Non-Intrusive Reduced-Order Modeling Using Uncertainty-Aware Deep Neural Networks and Proper Orthogonal Decomposition: Application to Flood Modeling
Authors
Pierre Jacquier, Azzedine Abdedou, Vincent Delmas, Azzeddine Soulaïmani
Abstract
Deep Learning research is advancing at a fantastic rate, and there is much to gain from transferring this knowledge to older fields like Computational Fluid Dynamics in practical engineering contexts.
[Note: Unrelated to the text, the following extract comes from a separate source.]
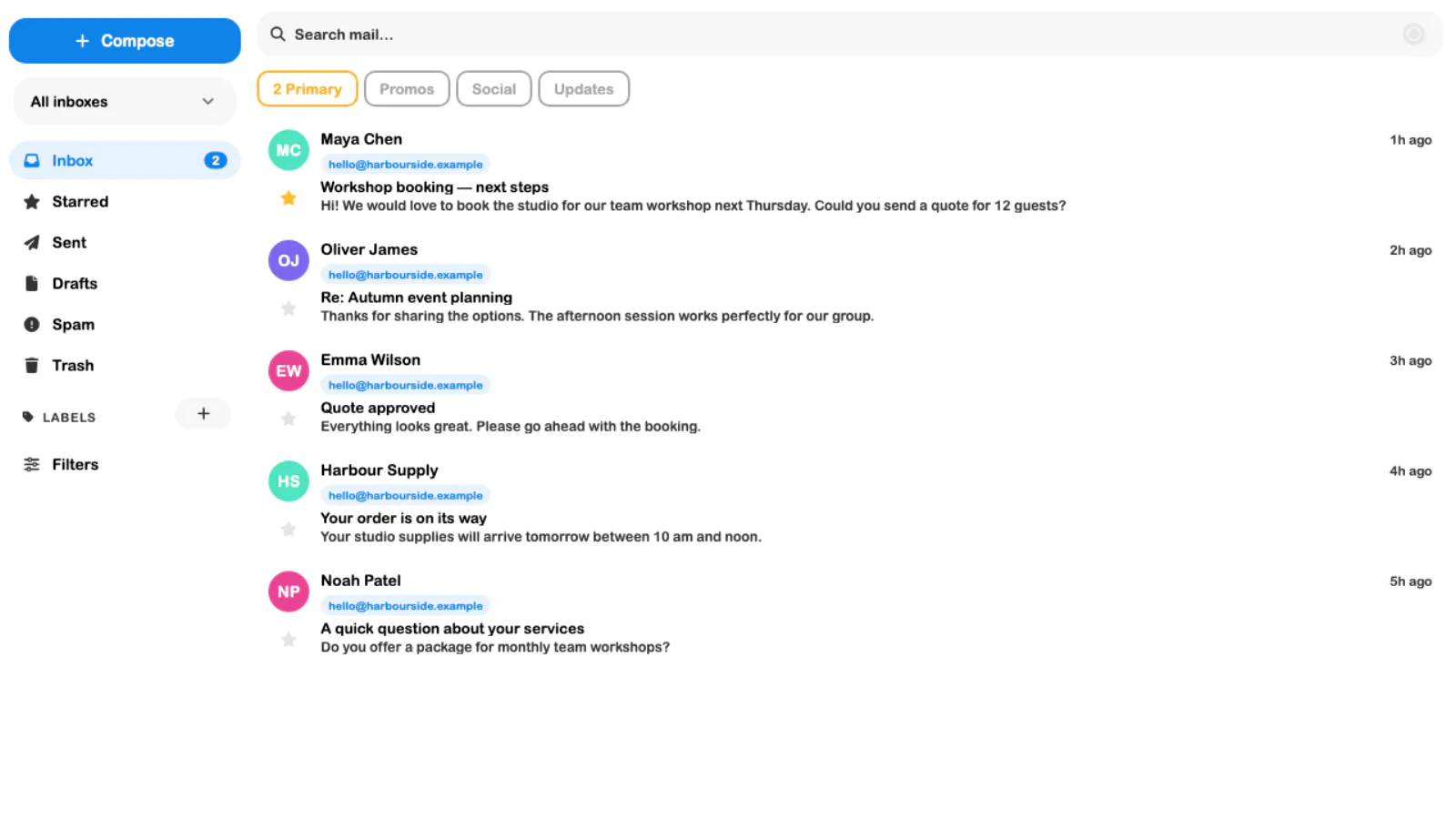 SRVZr business inbox showing customer booking emails, folders, and message details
This work compares state-of-the-art methods that address uncertainty quantification in Deep Neural Networks, pushing forward the reduced-order modeling approach of Proper Orthogonal Decomposition-Neural Networks (POD-NN) with Deep Ensembles and Variational Inference-based Bayesian Neural Networks on two-dimensional problems in space. These are first tested on benchmark problems, and then applied to a real-life application: flooding predictions in the Mille Îles river in the Montreal, Quebec, Canada metropolitan area. Our setup involves a set of input parameters, with a potentially noisy distribution, and accumulates the simulation data resulting from these parameters. The goal is to build a non-intrusive surrogate model that is able to know when it doesn’t know, which is still an open research area in Neural Networks (and in AI in general). With the help of this model, probabilistic flooding maps are generated, aware of the model uncertainty. These insights on the unknown are also utilized for an uncertainty propagation task, allowing for flooded area predictions that are broader and safer than those made with a regular uncertainty-uninformed surrogate model. Our study of the time-dependent and highly nonlinear case of a dam break is also presented. Both the ensembles and the Bayesian approach lead to reliable results for multiple smooth physical solutions, providing the correct warning when going out-of-distribution. However, the former, referred to as POD-EnsNN, proved much easier to implement and showed greater flexibility than the latter in the case of discontinuities, where standard algorithms may oscillate or fail to converge.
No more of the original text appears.